Training of PyTorch Efficientnet seems extremely slow

I am trying to train/finetune an efficientnet_b0 model with my own data. It is the official PyTorch 1.11 torchvision model so no third party model. I am using pretrained version and trying to fine-tune it on my own data. I am using Synapse 1.5 as it one of the official AWS Habana AMI With preinstaled PyTorch1.11. I wrote my own training script but basically looked at the MNIST and ResNet training scripts from the Habana GitHub repository and adopted my accordingly…

Currently I am running on a single device just to get my feet wet. I am using FP32 training batch size is 90 and tensor format is [3,448,192].

Running in lazy mode. A single iteration seems to takes over 20 seconds to execute that’s significantly slower than it takes for example on an nVidia V100 .

Any idea why each iteration is running so extremely slowly? I checked it is not the I/O as I removed the image data loading with just torch.randn instead


Is it possible to shared a stripped down version of the code (maybe with random data training, and random initialization)

Also, just to make sure, you can run hl-smi and check HPU usage, to be sure that the model is running on the HPU and not on the CPU

Also if you are ok with TensorFlow instead of PyTorch, here is an enabled efficientnet


Thank you for your answer!

Yes I should be able to make a stripped down version without the need of any data I will try to send one later.

Yes I checked it is running on the HPU (via hl-smi) I also get a .log0 file for the device.

Funnily enough I ran it on the CPU I explicitly used CPU Device just to check as you say if there is maybe an issue but to my surprise on the CPU it ran ~ 20x faster on that AWS instance than using the HPU.

I tried also the hl-profile-conf but I couldn’t get it to record any .JSON or I was too stupid to find where it was saved.

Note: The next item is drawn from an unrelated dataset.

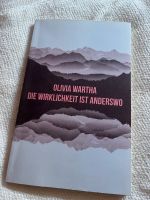 Buch „Die Wirklichkeit ist anderswo“ Brandenburg - Wittstock/Dosse Vorschau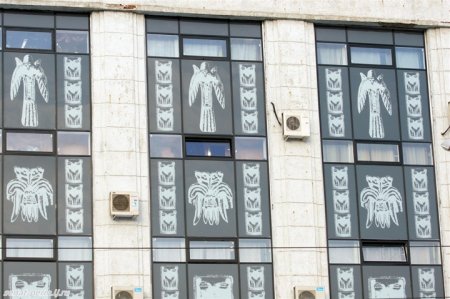 Пермский звериный стиль Ломоватовская культура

I am afraid our whole pipeline is PyTorch based so unfortunately no a Tensorflow version does not help.

Hello again,

Here is the stripped down training script as promised

Stripped down training script

You simply have to run it with python --usecuda 0 if you want to use it with GAUDI. Hope it helps to narrow down the issue!

Btw seeing the same with torchvision ConvNext models and not to the same extreme with MobilenetV3 but it also has very slow iterations.

However a few other network topologizes with the same training script seem to be running okay.

So I wonder if it is a specific op in those networks maybe an activation function or a specific layout it struggles with.

Thank you for this detailed analysis. We’ll take a look at it and get back to you.

Here are a couple of work arounds you can try:

  1. Perform bernoulli_ of StochasticDepth on CPU
    Around this line here,
if 'hpu' in input.device.type:
    dev = 'cpu'
#noise = torch.empty(size, dtype=input.dtype, device=input.device)
noise = torch.empty(size, dtype=input.dtype, device=dev)
noise = noise.bernoulli_(survival_rate)
if 'hpu' in input.device.type:
    noise =
  1. Disable inplace Dropout
    Around here
    Replace nn.Dropout(p=dropout, inplace=True), with nn.Dropout(p=dropout),

Please let me know if you see speedups with these 2 changes.


Thank you very much. Yes with these changes it has improved it tremendously. This feels more like the performance I would suspect for an accelerator :grinning:

So does this mean inplace dropout is not something the Gaudi architecture likes? As I think that is used in quiet a few architectures. At least it used in torchvision’s version of mobilenetv3 when I remove it there I also see a tremendous performance boost

Thanks for verifying. We’ll take a look at the workarounds (bernoulli and in place dropout) and will update here if we find the reason of the slowness or if it goes away in later releases.